No obstante, el escritor albanés Ismaíl Kadaré (Gjirokastër, 1936), tantas veces candidato al Premio Nobel de Literatura –bromea, hasta cierto punto, sobre ello-, aporta ahora el suyo. Y su aportación se centra en “su” café, el café Rostand, en el que tanto escribió y tantas horas pasó durante sus muchos años de exilio parisino. Le Rostand está situado frente al Jardín de Luxemburgo, en el barrio del Odeón, en el sexto “arrondissement”.
Bueno, no deja de ser curiosa esa equiparación entre el café habitual, en el que uno pasa muchas horas y días, y la compañera de toda la vida. A muchos no se nos habría ocurrido y, caso de que se nos hubiera ocurrido, no sé si la habríamos dado por buena.
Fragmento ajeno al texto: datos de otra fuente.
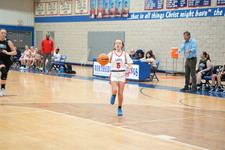 Enlarge photo 479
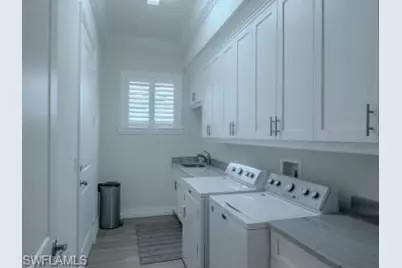 631 100th Ave N, Naples, FL 34108 - Photo 14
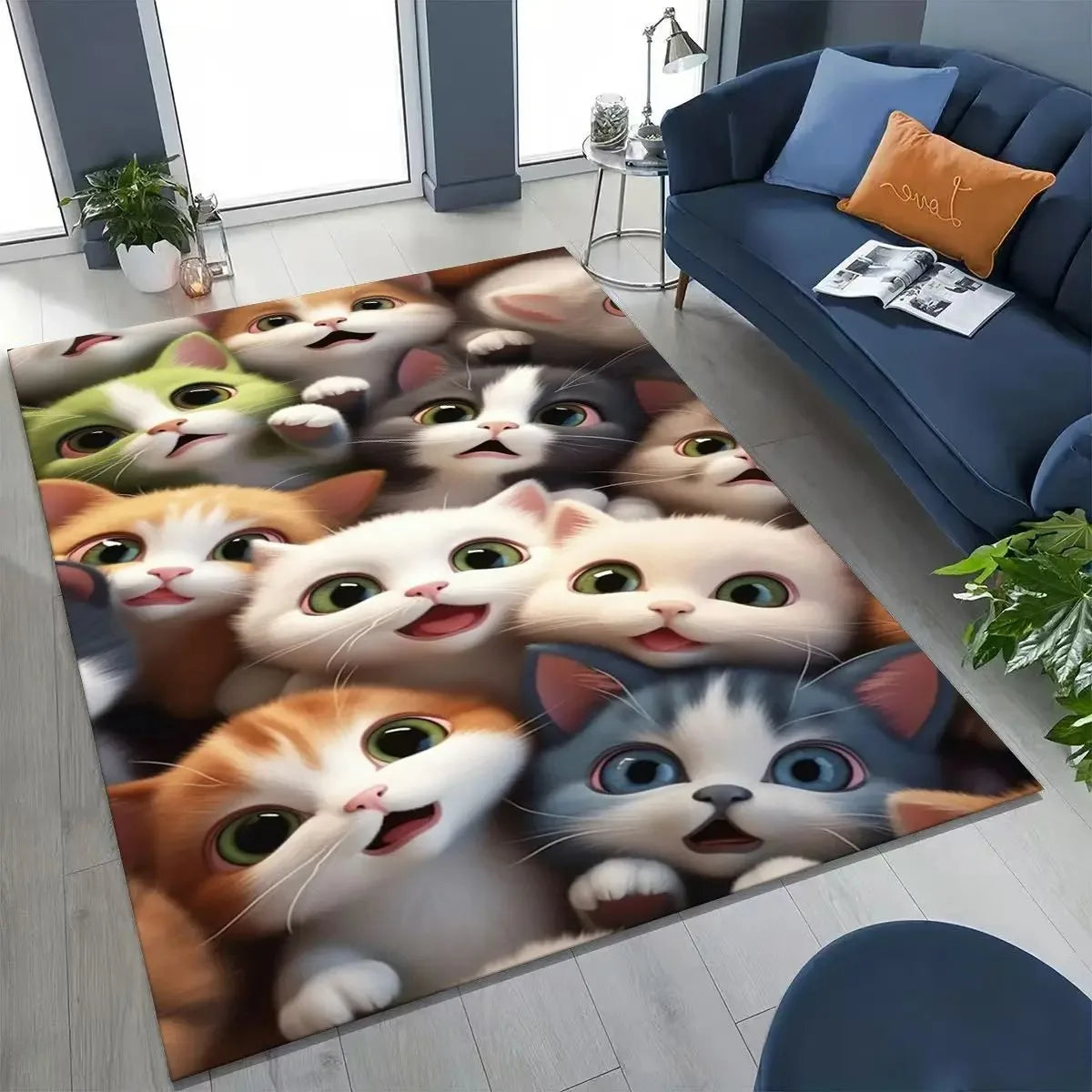 S5d069c24ee424e648e89a28eddfd4814C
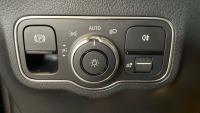 Mercedes Gla GLA 200 D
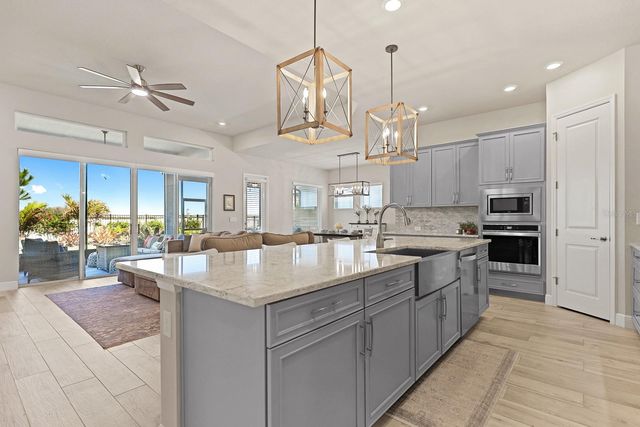 5937 GOLDEN NETTLE DRIVE, Apollo Beach, FL 33572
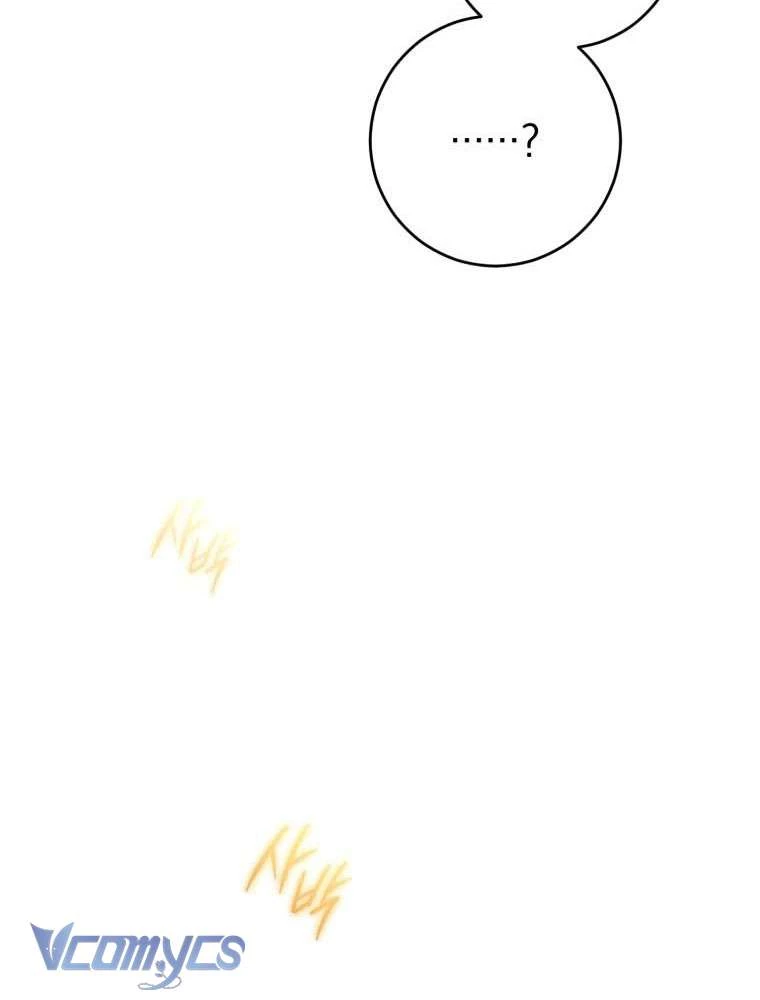 Em Trai Tôi Là Hoàng Đế Ngang Ngược Chapter  95 - 94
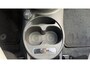 Fiat 500 T Annivers Nav, LMV , Pan 0.9 TA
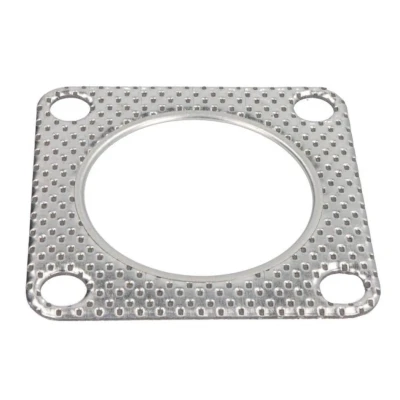 Bilde av Tetning, eksosrør, Eksosmanifold, audi,seat,vw, 893 253 115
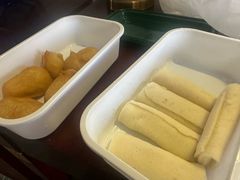 -仁信老铺(嘉信店)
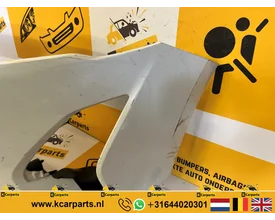 voorbumper-ford-focus-mk4-2018-jx7b17757a-bumper — foto 9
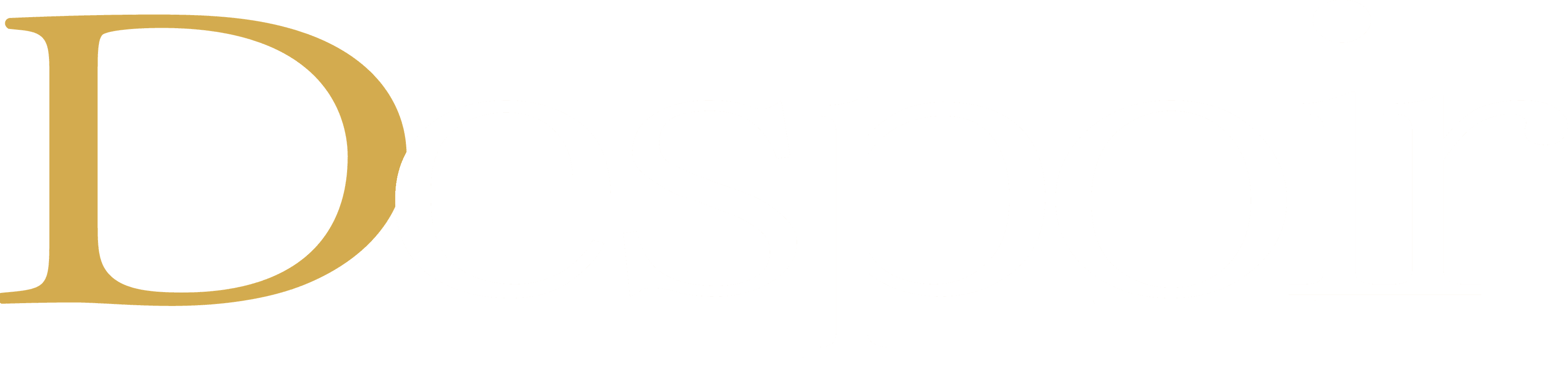 despoir logo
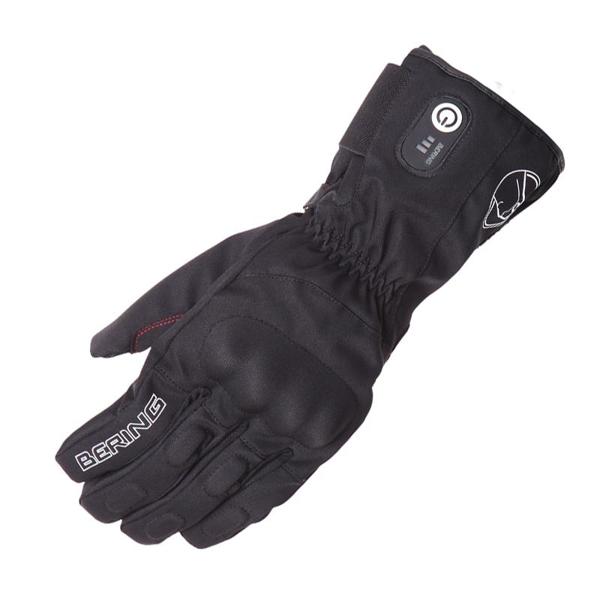 BERING-gants-vesuvio-image-5478496-cover-0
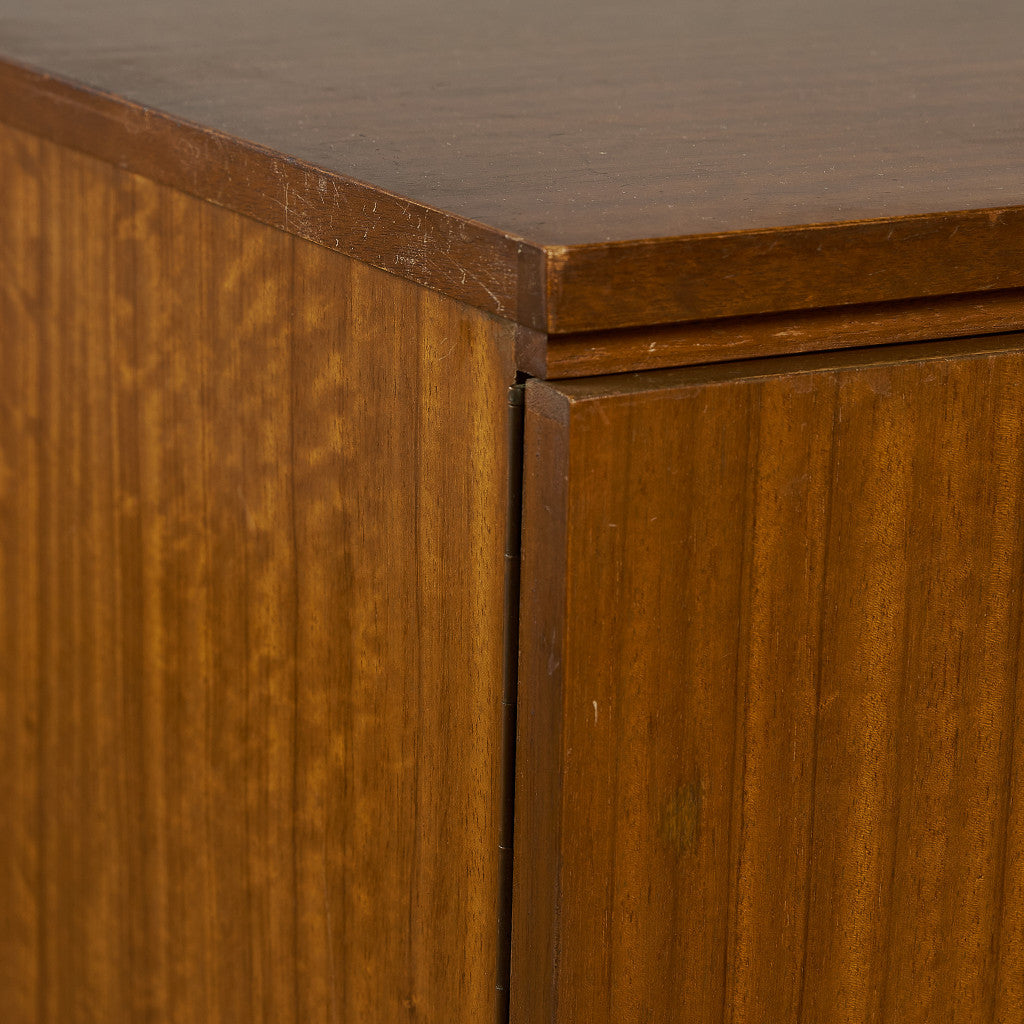 ヴィンテージ サイドボード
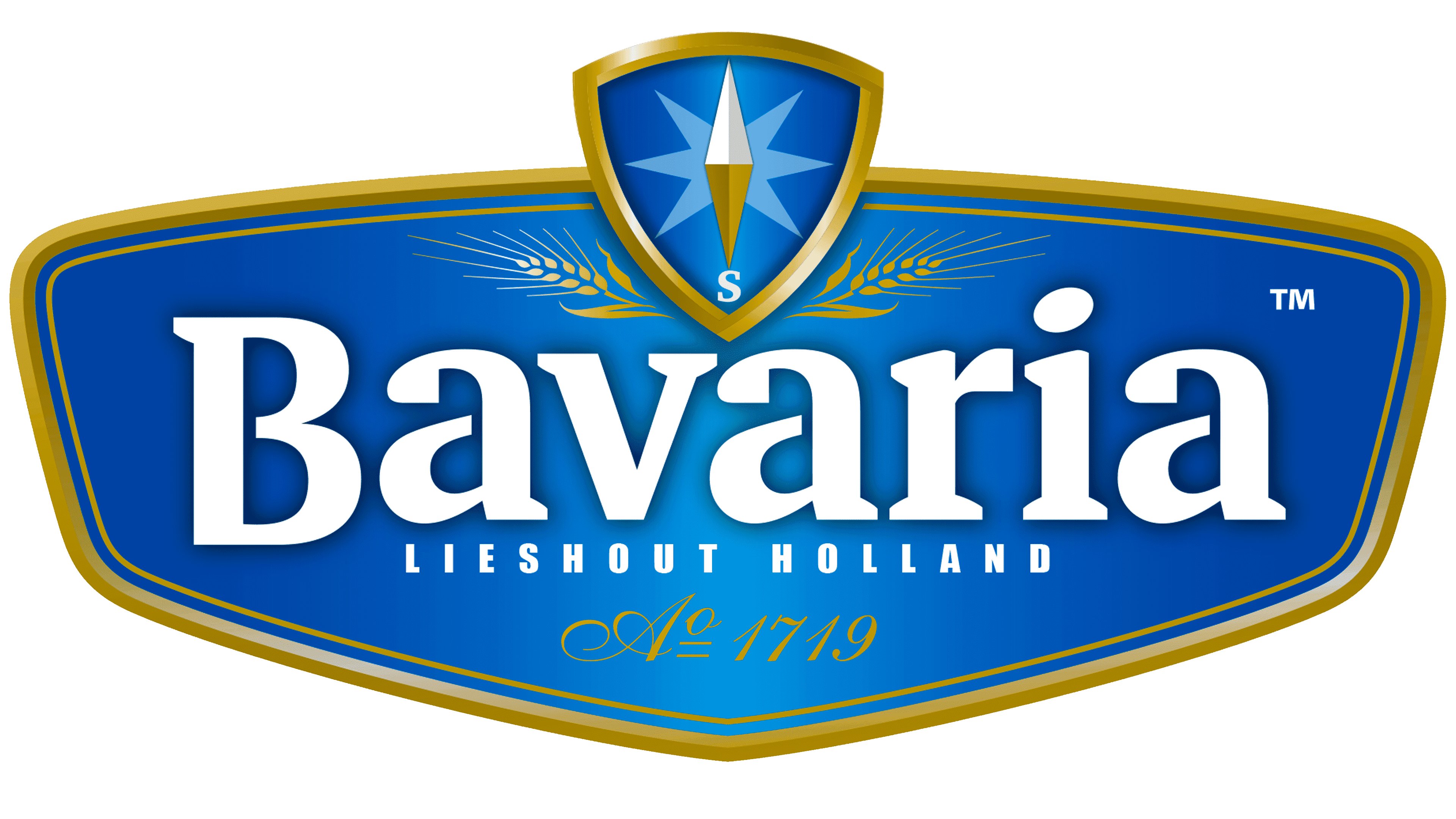 Logo von Bavaria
Kadaré escribe aquí con una cierta oralidad y muchos puntos suspensivos, mostrando el lento y sinuoso proceso de la construcción de sus ideas y sentimientos y de la reconstrucción de su memoria. Digamos que no pone a la vista de forma directa el resultado de sus cavilaciones, sino que va dando cuenta del itinerario de esas mismas cavilaciones. Su “yo” adquiere mucho rango, como dije, lo cual es lógico en un libro en buena medida de recuerdos. Pero Kadaré da ese salto consistente en citarse a sí mismo por su nombre, en tercera persona y bajo distintas denominaciones, con abundante preferencia por, aprovechando la primera letra de su apellido, parangonarse significativamente con (Josef) K., el protagonista de El proceso, de Franz Kafka. Esto, sin duda, viene justificado y relacionado con las muchas alusiones a la censura, los interrogatorios, las prohibiciones y, en fin, el trato sufrido a manos de los funcionarios comunistas de su país, por no hablar de los desconciertos que le procura su condición de exiliado y de, a los ojos de los demás, representante de la “chifladura balcánica”.
Lo cierto es que Kadaré no habla demasiado ni con demasiado detalle del café Rostand. Al menos, con ese tono mitómano, acorde con la mencionada etiqueta de “vida bohemia”, que algunos lectores podrían esperar. Kadaré, por el contrario, parece rehuir o despreciar ese registro tan transitado, según se deduce también de alguna broma sobre Ernest Hemingway y la extensa mitología sobre su estancia en París.